A few recordings from bands Chas Maguire is working with.

 

Space Elevator

I wasn’t involved with the first Space Elevator album (the legendary Neil Murray was on bass for them originally) but I’ve been part of the band for a while now and we’ve just released our second album. We’re touring in the summer of 2018 and hopefully have a few more dates in the autumn or early 2019.

Blake Shake

Saxophone led funk from Nicholas Blake – great musicians, great fun! First album available now on Bandcamp, hopefully some more live dates soon.

Blake Shake – Funk Biscuit – released in June 2018

The Missing Persians

When I first joined them they had about 10 songs and approached me because their double bassist (who also writes most of the material) was finding it difficult to play bass and acoustic guitar while also singing the main vocal. The band was described to me as Americana/Blues, but although some of the songs have that feel, there is a bit more going on there. I think of ourselves as a rock band with an acoustic guitar, mandolin, and occasionally an upright bass playing melodic pop songs which may (or may not) be about what they appear to be about. Hey, genres are only really useful in record shops and we know what happened to them…
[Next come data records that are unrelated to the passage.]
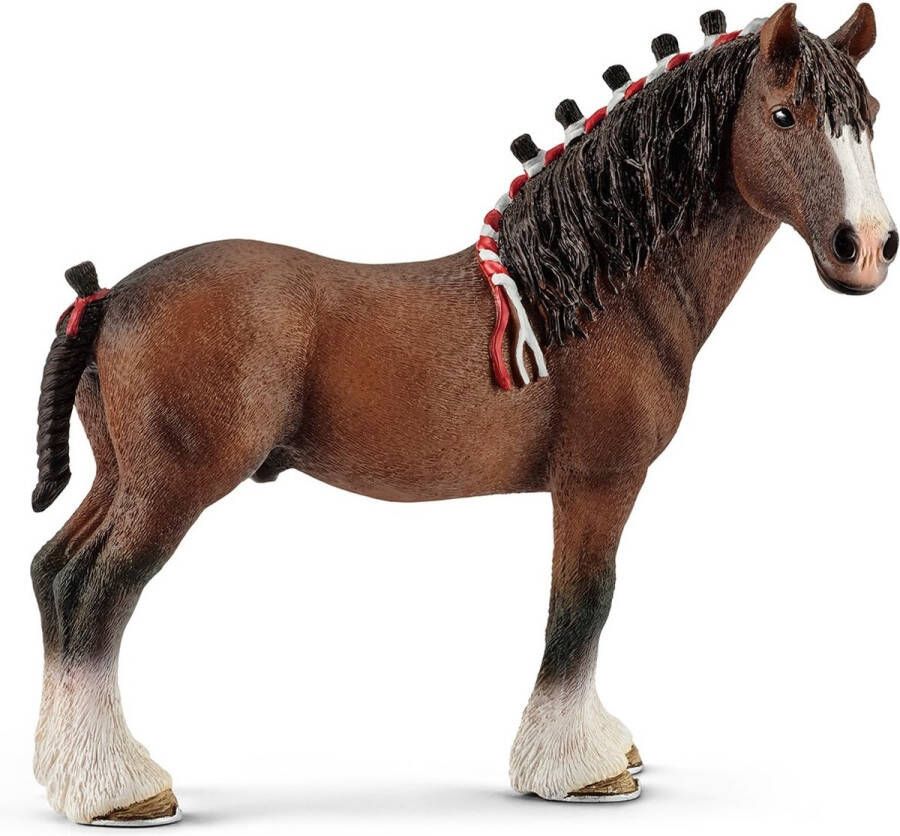 Schleich Boerderij Clydesdale Hengst 13808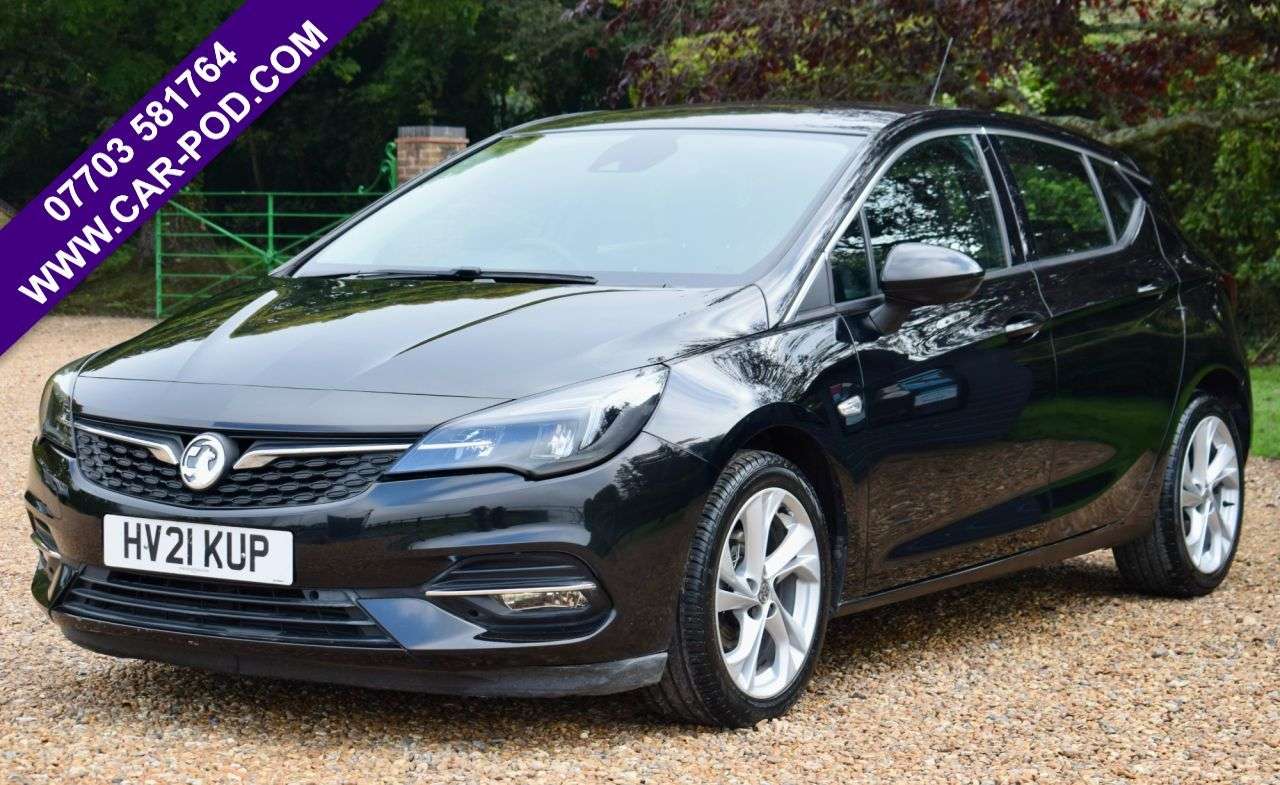 2021 VAUXHALL ASTRA 2021 VAUXHALL ASTRA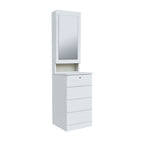 Welsh CARB-P2 Certified Board Dressing Table Smooth Gliding Drawer Dresser 6 Colours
We’ve now recorded two albums – see below:

The Missing Persians – Hot Cats – released in December 2016

The Missing Persians first album – released in 2014

Beelzebozo

These are effectively demos of what would have been on the Mean Business album if it had ever got finished. In what is the longest running group of musicians I’ve worked with, while also being the slowest to produce any actual output, Beelzebozo are still working on songs, which will be appearing here “soon” (although we’ve ditched all of the ‘Bozo stuff, have turned into a three-piece and are now called We Are Puppets.) We keep saying there’s a book in the story of why nothing ever appears, but who’s going to write it? (Not us, that’s certain)

Sneaky

This project was my first experience of being at the controls of a digital studio, and by the time we’d finished this album, the band had pretty much disintegrated, but Sneaky taught me a great deal about how to operate the studio. Despite the flaws I’m still proud of the music (I think some of these songs are absolute crackers)…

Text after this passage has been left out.